6. Focus on financial education instead of the money itself

For the Renman / Sandström family, the use of the Gimi app and the Gimi card is not about the children having to bear their own costs, the purpose is primarily to give the children a sense of what it is like to be financially independent, for example understanding the consequence of a reducing balance when using the card.

Lovisa describes how via Gimi the children can visualize how when they choose to buy small things it impacts their savings, they can then understand that it will take longer to achieve big dreams and savings goals if they are spending their money. This is what Lovisa and Hans believe is the most important reason behind their children receiving their own pocket money. Thanks to the fact that Gimi is fun and intuitive, Lovisa explains how the understanding has happened very quickly and that the guys' savings goals are something that both feel very driven about.

“They already know that Hans and I do not want them to buy sweets and so on weekdays but since they started using Gimi there is no discussion anymore. Now they make an active choice to refrain from buying small things.”

She also describes how awesome it is as a parent to see the pride in the children's eyes as they understand how they are approaching their savings goal. The balance between pedagogy and practice is something that the former educator Lovisa appreciates.

“The school is very controlled and must follow the curriculum. So being able to apply the theoretical bits into real life feels important. Then they get to repeat and understand that the same principle can be applied in different areas."

7. Get everyone in the family involved in personal economy - Start talking about what things cost

Since Gimi was introduced to the family, it has also become easier for grandparents to become involved in Baxter's and Sixten's financial development. Now they can easily swish money directly in the Gimi app and contribute to their grandchild's savings goals. Lovisa laughs and describes that Gimi in this way made it very easy to be 'a great granny'.

Having different family members involved is something that Lovisa sees a tremendous value in. For example, now that summer and vacation plans are getting close. If the family is going to do something together, she wants the children to be part of their holiday decisions and understand their priorities together.
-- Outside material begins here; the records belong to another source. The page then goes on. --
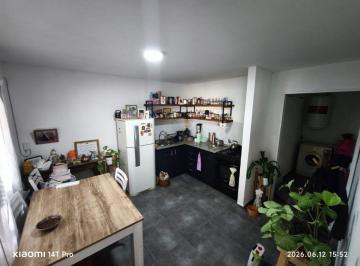 Departamento de 2 ambientes, Esteban Echeverría · Hermoso Departamento un Dormitorio con Patio y Entrada de Autos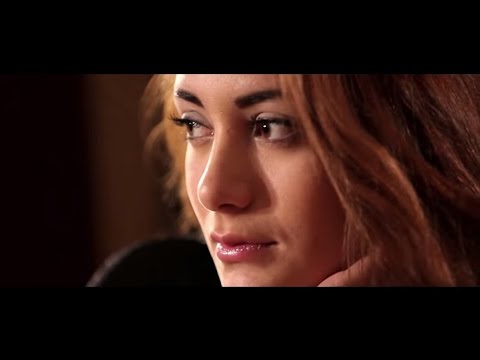 AL SON DE UNA BACHATA - Rene Angel ft Fernando Diaz (video Oficial)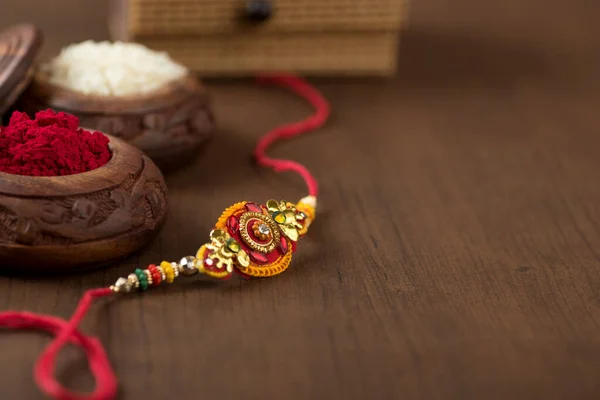 Indisches Festival Raksha Bandhan Hintergrund Mit Einem Eleganten Rakhi Reiskörner — Stockfoto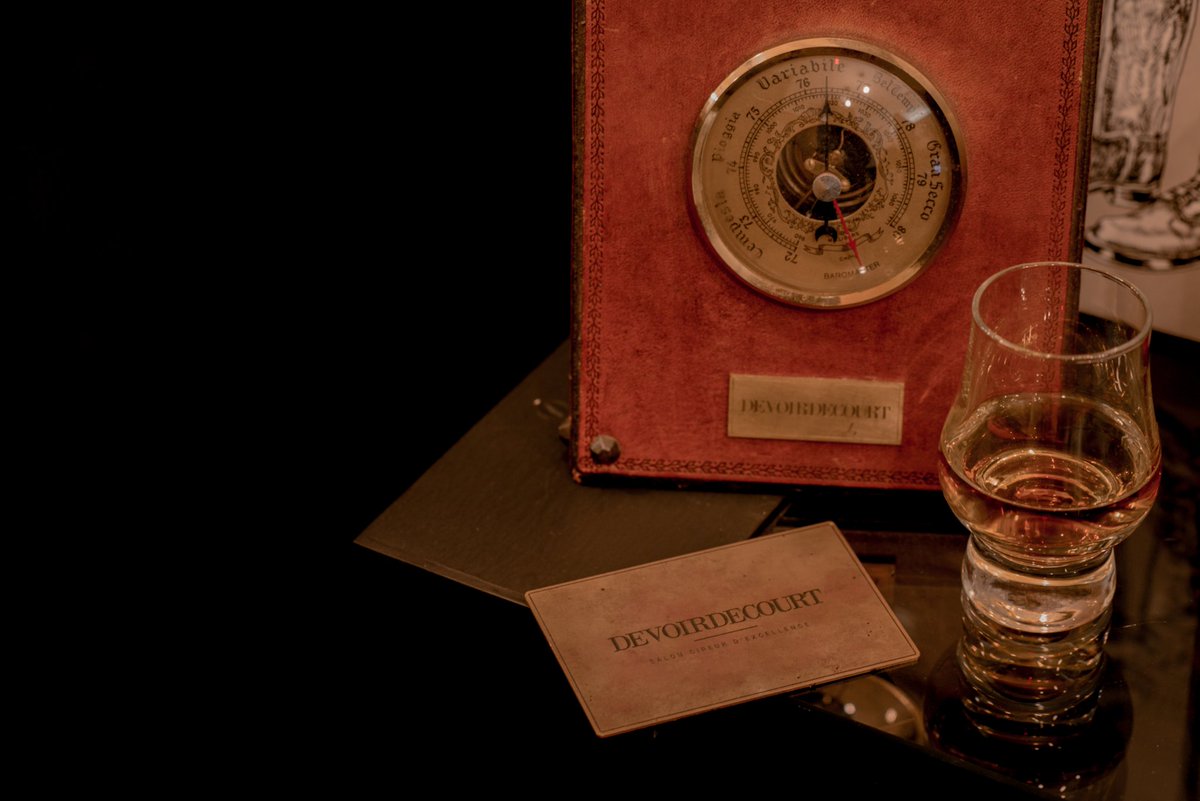 devoirdecourt's tweet photo. Taking time to care of you at @cercle_delacre
#devoirdecourt #paris https://t.co/QTgMKFxJCu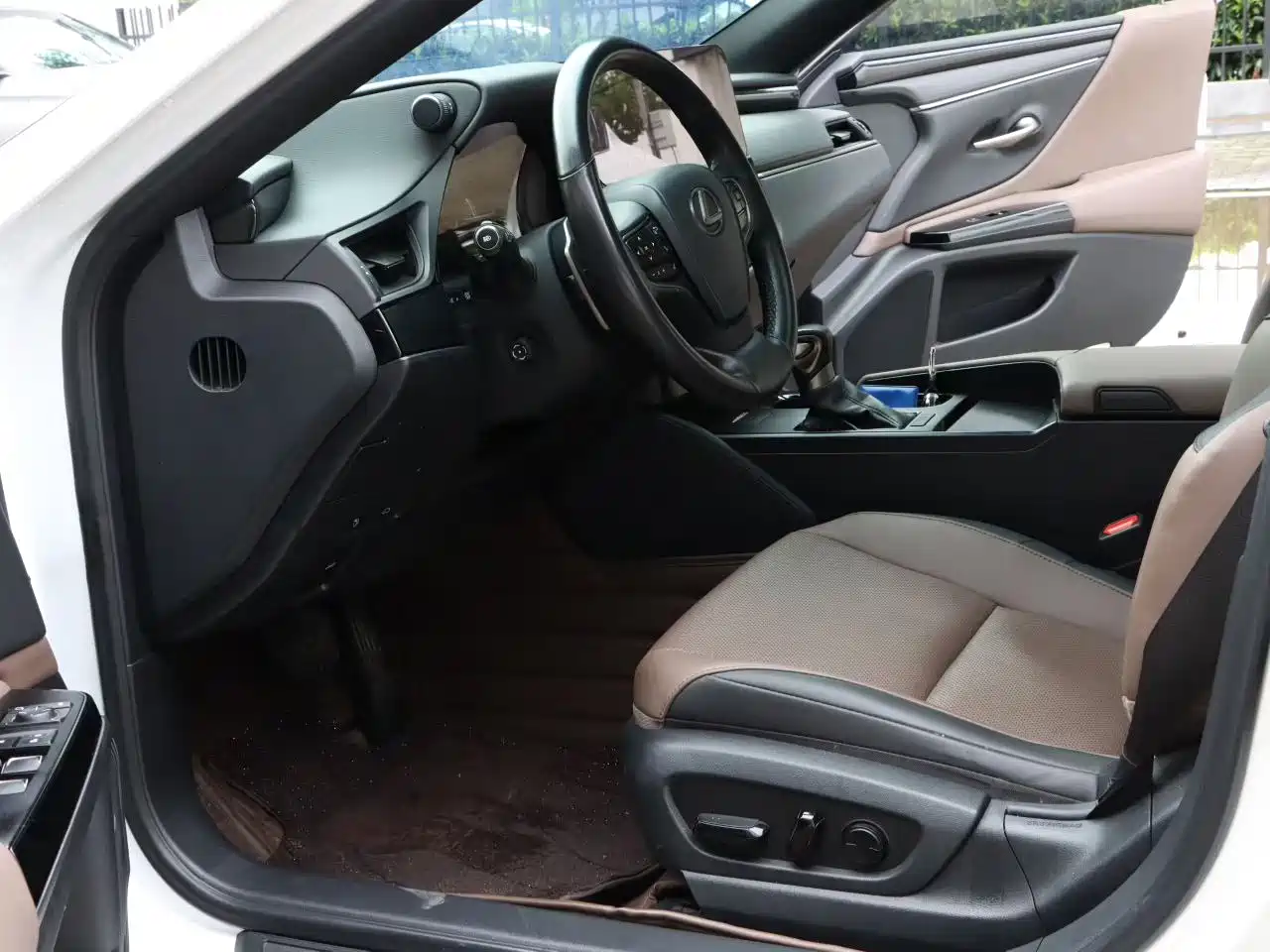 Фото 6 - Lexus ES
The fact that the children are aware of the overall costs of certain activities, makesfor an easier experience when it comes to communication in the family. Then they can avoid nagging and instead help out and together reach their dream vacation. When the sons Baxter and Sixten feel involved in the decisions, she witnesses that the holiday is much more enjoyable.

“For me, it is important that the children understand that it costs money to do things. For example, we sit down together to discuss whether we should spread out the activities throughout the whole holiday or whether we should do everything at the beginning and just stay home and live cheaply for the rest.”

Lovisa's best trick for having a nice holiday, however, is to focus on what is fun instead of what to do. Jumping on the trampoline, swimming in the sea and hanging with many friends really costs nothing but is often what everyone in the family appreciates most.

8. Let the children see the benefit of contributing and keeping organized

When it comes to getting the kids engaged and getting them to want to help with things at home, Lovisa explains that it often comes naturally.

“Our children are 10 and 11 years old and very eager to quickly get away and find fun things to do. Now they have begun to understand that to get us adults free for their activities they can help out a bit more, which means that they see the value in getting rid of the dishes or packing their own things.”

Keeping order instead of just dropping things all over is also a carrot to get away quickly. When the guys put away their stuff themselves, they know where the things are and can immediately retrieve them when the opportunity comes to run out to their friends.

“If they want to go out and kick the football and have put the football shoes away themselves, they know where the shoes are. Instead of when we have cleaned the hall and put the shoes away which is when they need to search for them which takes more time and keeps their friends waiting."

Lovisa also describes that it becomes a lot more fun when they all help each other. For example, her son Sixten has zoned in on cooking and gathering recipes. Instead of her having to stand and deliver endless pancakes to them, the children can participate in various cooking stations and help with dinner. The former problem of children not eating vegetables has completely disappeared there too, the cucumber pieces which they themselves hacked they chew with pleasure.

Keeping things organized and helping out at home is something that Lovisa thinks should be standard and nothing which the children should receive money for. If, on the other hand, they want to make an extra effort that is outside of everyday routines, they will be perfect chores to add to the Gimi app.

9. Focus on continuity and the long-term

When it comes to getting paid for chores at home, Lovisa and her husband are keen to do so only after habits are formed on a continual basis. That money comes when the children have done a chore repeatedly for an extended period of time, for example, making the bed every day for a month. By doing that, Lovisa wants to teach Baxter and Sixten endurance and show the value of fighting for something in the long-term. This is something she also relates to in her work as a personal trainer.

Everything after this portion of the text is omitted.